Black carbon, the soot produced by burning fossil fuels and biomass, is an atmospheric pollutant that is particularly problematic in the Arctic region, where it darkens snow and ice, making them retain more warmth and melt faster.

“The United States has pulled out from joint reduction targets and Russia has not submitted its national calculations on black carbon emissions,” the Finnish foreign ministry said ahead of the Arctic Council’s meeting in Finland over May 6-7, which U.S. Secretary of State Mike Pompeo is expected to attend.

Finland holds the rotating chairmanship of the Arctic Council, which also includes Canada, Denmark, Iceland, Norway, Russia, Sweden and the United States.

The council coordinates Arctic policy and is gaining clout as sea ice thaws and opens up new trade routes, intensifying competition for its oil, gas and mineral resources while also putting its fragile ecosystem at risk.

“About one third of warming in the Arctic is caused by black carbon emissions of the Arctic Council members,” the Finnish foreign ministry’s statement said, adding that the majority of its member states had lowered their black carbon emissions.
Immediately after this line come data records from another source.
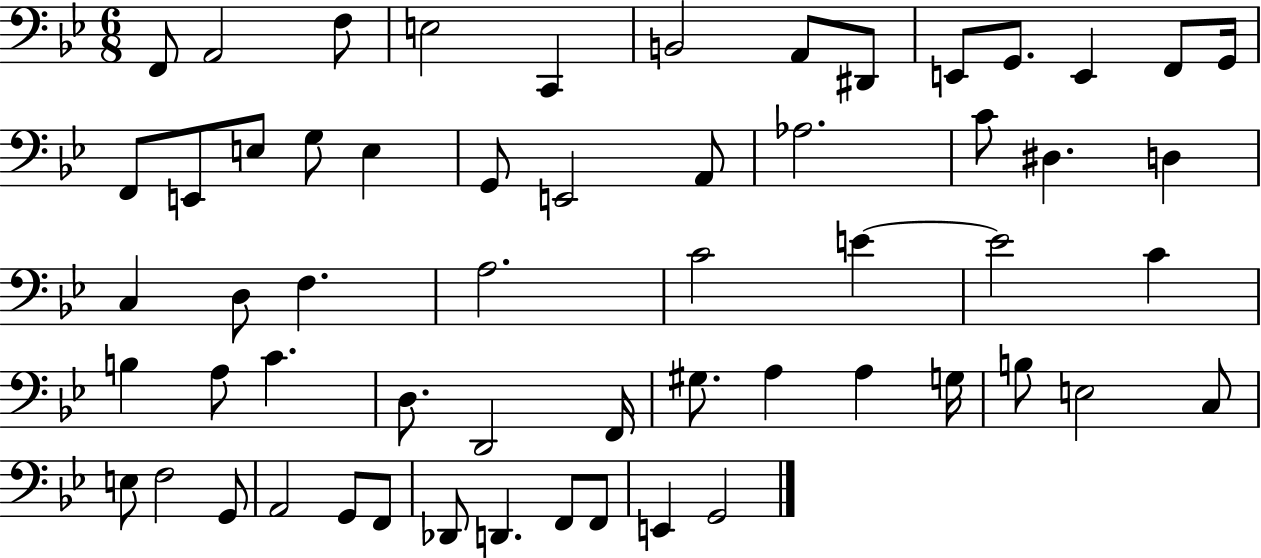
X:1
T:Untitled
M:6/8
L:1/4
K:Bb
F,,/2 A,,2 F,/2 E,2 C,, B,,2 A,,/2 ^D,,/2 E,,/2 G,,/2 E,, F,,/2 G,,/4 F,,/2 E,,/2 E,/2 G,/2 E, G,,/2 E,,2 A,,/2 _A,2 C/2 ^D, D, C, D,/2 F, A,2 C2 E E2 C B, A,/2 C D,/2 D,,2 F,,/4 ^G,/2 A, A, G,/4 B,/2 E,2 C,/2 E,/2 F,2 G,,/2 A,,2 G,,/2 F,,/2 _D,,/2 D,, F,,/2 F,,/2 E,, G,,2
Two years ago at the council’s previous ministerial meeting in Alaska, the member countries agreed to cut their black carbon emissions to 25-33 percent below 2013 levels by 2025.

Pompeo is expected to attend the May meeting in Finland in a show of Washington’s commitment to the region amid growing U.S. concern about China’s interests there.

China became an observer member of the Arctic Council in 2013 and last year outlined its ambitions to extend President Xi Jinping’s signature Belt and Road Initiative to the Arctic by developing shipping lanes opened up by global warming.